Winter Berry Displays
Nothing says ‘the festive season’ like holly berries, and these versatile evergreens are great garden plants too. If you have a smaller garden, plant the Foster Holly. This is the only holly that happily produces a profusion of bright red berries all by itself. With their glossy rich-green leaves, holly bushes are ideal for making your own door wreathes for the holidays, and they are excellent plants for partially shaded areas of the garden too, so no garden should be without these versatile plants.
If you live in colder areas and regular hollies burn in winter, take a look at the Blue Hollies, like the Blue Girl Holly and Castle Spire Blue Holly. These tough hybrid hollies shrug off cold weather, and still carry a profusion of those sought-after berries all winter long.
Southern Magnolia probably isn’t the first plant you think of when you think of winter color, although the glossy leaves with their beautiful brown velvet backs certainly bring an aristocratic look in winter. If you look a little closer you will see the fruits – like strange pine cones, nestling among the leaves. It is always a surprise when in early winter they start to open, and large, bright red seeds appear. These flash in the sunlight before eventually dropping to earth on a silken thread. If your garden is smaller, choose the Kay Parris Southern Magnolia, especially if you live in a colder region where you thought these wonderful trees would not do well. In warmer areas, the Little Gem Southern Magnolia is a reliable favorite. Of course, you always get the richly scented large white flowers, but once you notice those seedpods, you will appreciate this tree in wintertime too.

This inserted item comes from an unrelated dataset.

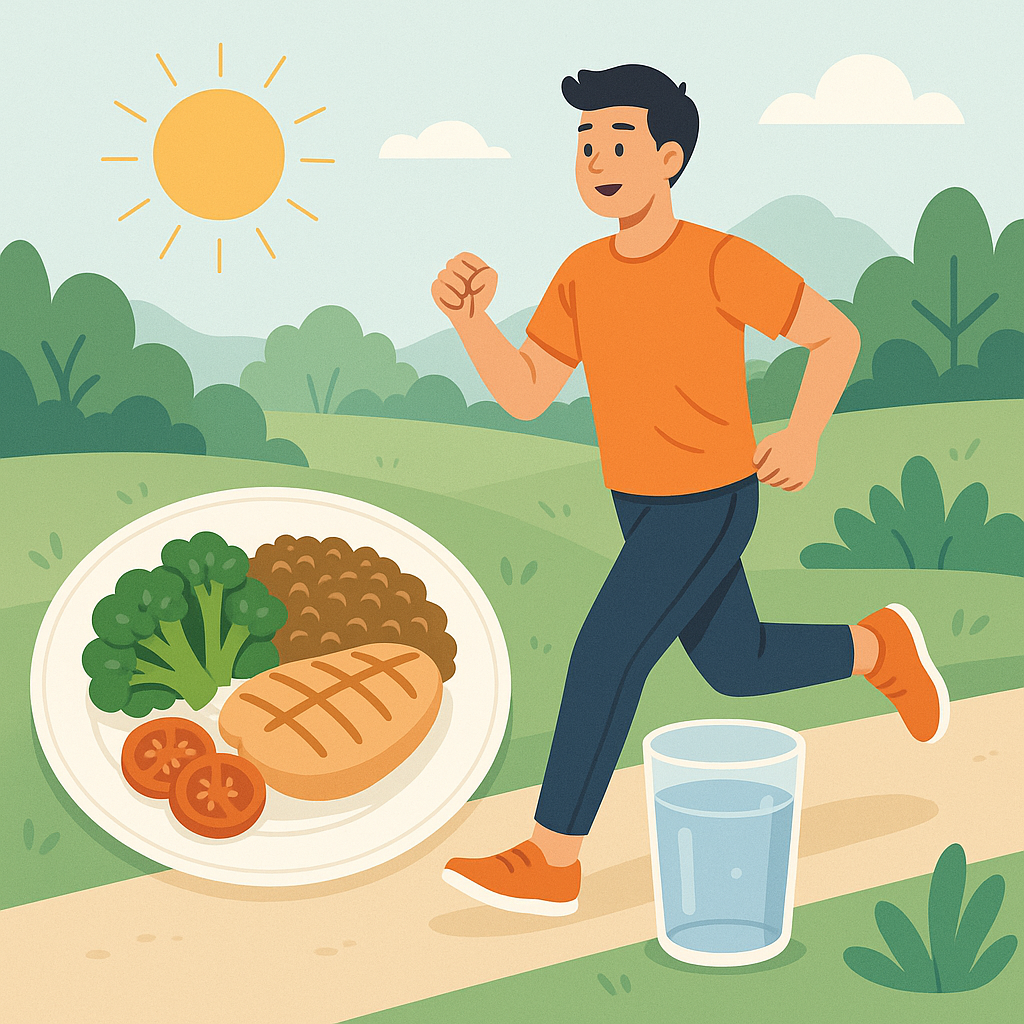 건강한 식단과 물, 운동하는 사람 일러스트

Other Shrubs for Winter Interest
To finish, let’s look at some plants with something different to offer in winter.
If you live in a warmer area, the Firepower Nandina, or Sacred Bamboo, will keep its bright red fall leaves all winter long, looking great even on the grayest days. Not really a bamboo at all, this shrub have large leaves divided into many small leaflets, so it makes a beautiful mound of fine texture in a sunny or shady spot in the garden. It really comes alive in winter, and only when the new shoots appear in spring will that vibrant mound of red turn green again.
Finally, let’s not forget the Crape Myrtles. Although usually thought of as summer flowering plants – and they certainly are that, especially in hot and dry parts of your garden – they can bring winter interest too. We usually suggest removing the spent flower heads to encourage more blooms, but if you leave the fall blooms untrimmed, they turn into fascinating sprays of seed heads that last all winter. Talk about versatile! You can never have too many Crape Myrtles in your garden.